Question. Are append-heavy agent steps actually slower than otherwise-matched prefix-heavy steps? Not just “append-heavy rows are slower on average”, but: after matching on provider, model, segment kind, total input length, and output length, do append-heavy rows separate cleanly from prefix-heavy ones?

Figures 2

Fig. 1Matched-bucket append-heavy latency effects.

Fig. 2Normalized latency overlap for append-heavy and prefix-heavy rows.

Reference

Input

../timing_fit/timing_fit_trace.csv (override with -i) — the long-form timing-segment CSV produced by ../timing_fit/collect_timing_fit_trace.py.

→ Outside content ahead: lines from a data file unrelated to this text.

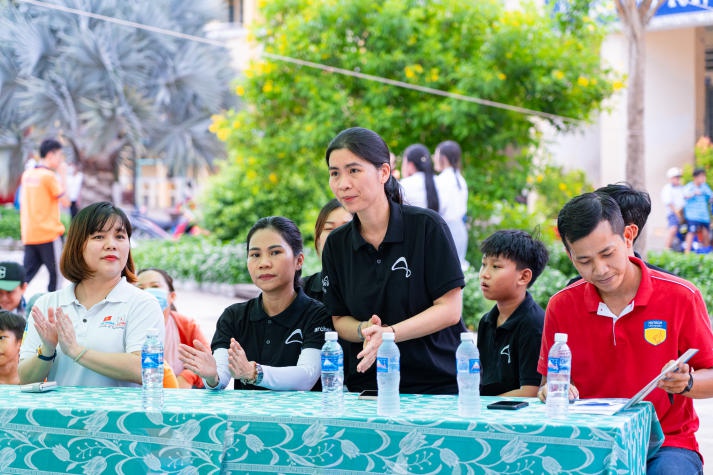 Viện Công nghệ Việt - Nhật HUTECH lan tỏa yêu thương tại tỉnh Long An 62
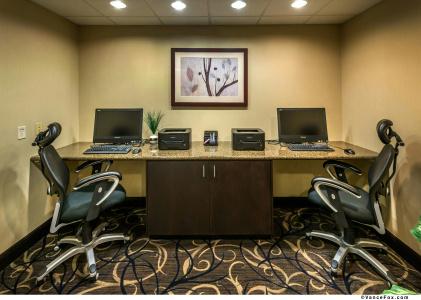 Hampton Inn & Suites Reno - 18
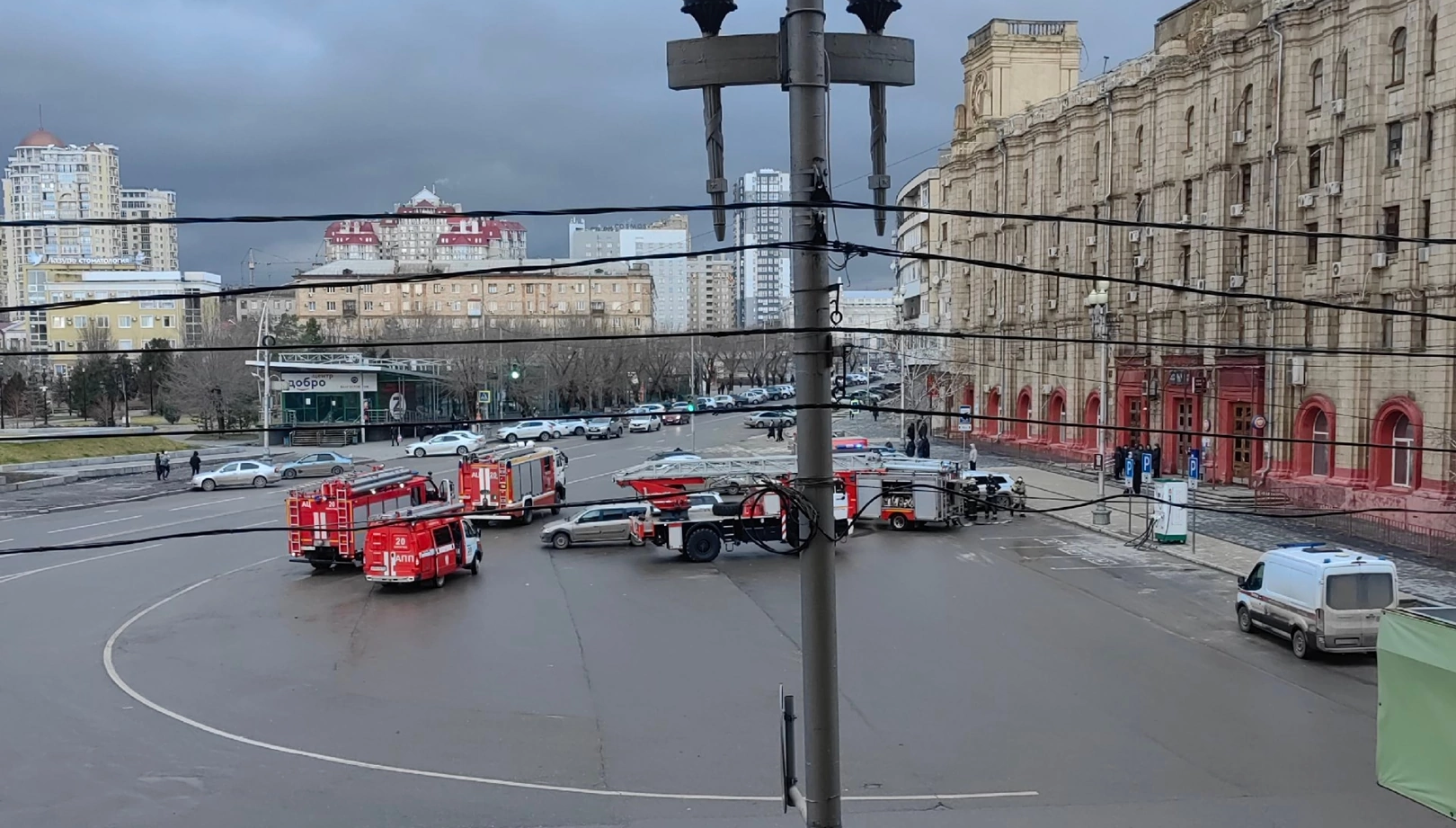 Экстренные службы собрались у здания Главпочтампа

Not the JSONL trace. artifacts/run_all.py builds it automatically from --db before running this experiment.

Method / key assumptions

Rows are bucketed by (provider, model, segment_kind, total-token bin, output-token bin). Within each bucket, append-heavy rows (append share ≥ --append-heavy-share) are compared against prefix-heavy rows (append share ≤ --prefix-heavy-max-append-share).
Reports two things:
- effect size — how often an append-heavy row is slower than a matched prefix-heavy row (pair_weighted_append_slower_probability);
- separation quality — whether a duration threshold distinguishes the two classes after normalizing each row by its bucket’s prefix-heavy median latency (global_normalized_best_balanced_accuracy).
Durations are trimmed per group (--trim-quantile, default 0.99) and filtered to [--min-duration-ms, --max-duration-ms] to drop implausible spans.

How to run

Recommended dispatcher path:

uv run python artifacts/run_all.py \
  --only llm_generation/append_vs_prefix_latency \
  --db trace/syfi_coding_trace.duckdb

The dispatcher builds ../timing_fit/timing_fit_trace.csv from --db first. Manual direct runs assume that CSV already exists:

uv run python artifacts/llm_generation/append_vs_prefix_latency/analyze.py

Outputs

append_vs_prefix_latency.json / .md — verdict + summary.
append_vs_prefix_matched_buckets.csv, append_vs_prefix_normalized_rows.csv
append_vs_prefix_bucket_effects.png, append_vs_prefix_normalized_overlap.png

Self-contained PNGs

Each PNG embeds this README, the CSVs, and analyze.py. Unpack with uv run python artifacts/utils/png_sidecar.py extract <png>.